You all know the song, right? Right? Of course you do. Well, according to this song, the “lau lau” is the food at the luau. Whatever else there is, you gotta have lau lau.

So what is it? It’s basically a variety of meats steamed inside a wrapper of taro leaves. Traditionally, it’s butterfish, chicken and pork. For my foray into this particular little delight, I opted against the butterfish and chose to stick with pork alone. But you could use chicken or fish (or beef, though I doubt it would be as yummy).

First, I hacked up a pork butt roast into little chunks. This was by far the most difficult part of the entire venture, as I worked to section out small chunks of actual meat, when in fact it turns out that pork butt is thickly marbled with fat and connective tissue. I spent quite a bit of time just trying to free the few little pockets of meat from their lard prisons. Next time, I’m using chicken.

I marinated the meat chunks in a blend of teriyaki sauce, pineapple juice, passion fruit syrup, liquid smoke and salt for about two hours.

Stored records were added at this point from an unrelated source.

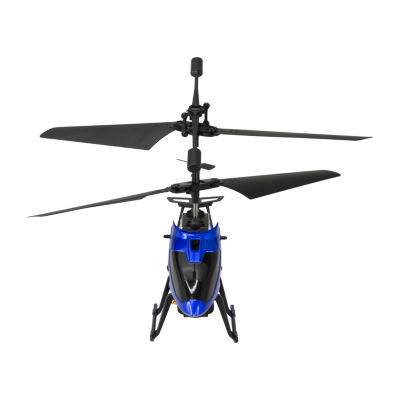 Blue remote control store helicopter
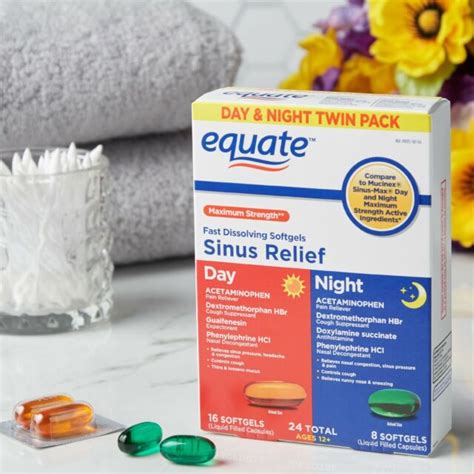 Equate Maximum Strength Day And Night Sinus Relief Softgels 24 Total Exp 2023 For Sale Online Ebay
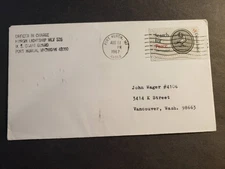 HURON LIGHTSHIP WLV-526 Naval Cover 1967 PORT HURON, MICHIGAN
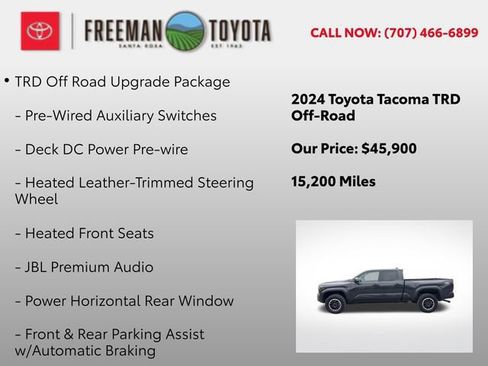 Used 2024 Toyota Tacoma TRD Off-Road w/ TRD Off Road Upgrade Package AWD/4WD image 5
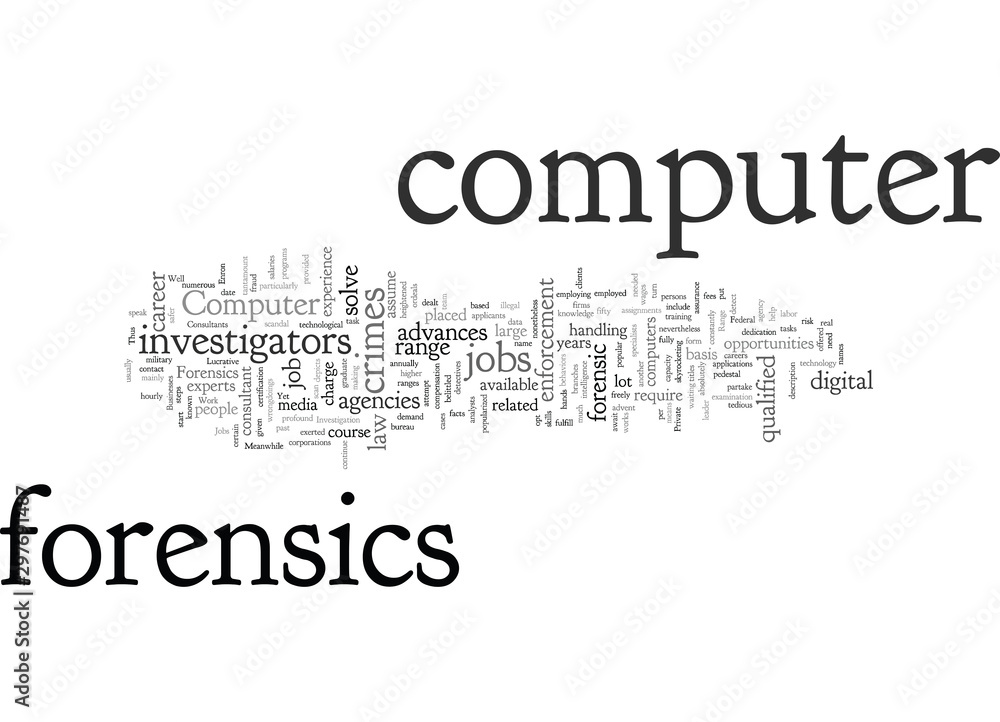 Obraz premium computer forensic jobs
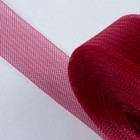 Регилин плоский, 40 мм, 45 ± 1 м, цвет бордовый - Фото 1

For each lau lau, I laid out two ti leaves, then four or five taro leaves on top of that. Into the center of this I placed five or six meat chunks, then sprinkled a little shredded coconut on top. Here’s where you can get creative and throw in other things like coconut cream, fruit, onions or whatever you like.

Then I folded up the taro leaves to enclose the meat and wrapped it securely with the ti leaves. If done right, the ti leaves serve as the “foil” wrapper and can be tied up like a parcel. I used actual aluminum foil for those of mine where I failed the ti leaf wrap job, but it’s okay to use string as well (like the kind you truss a tenderloin roast with).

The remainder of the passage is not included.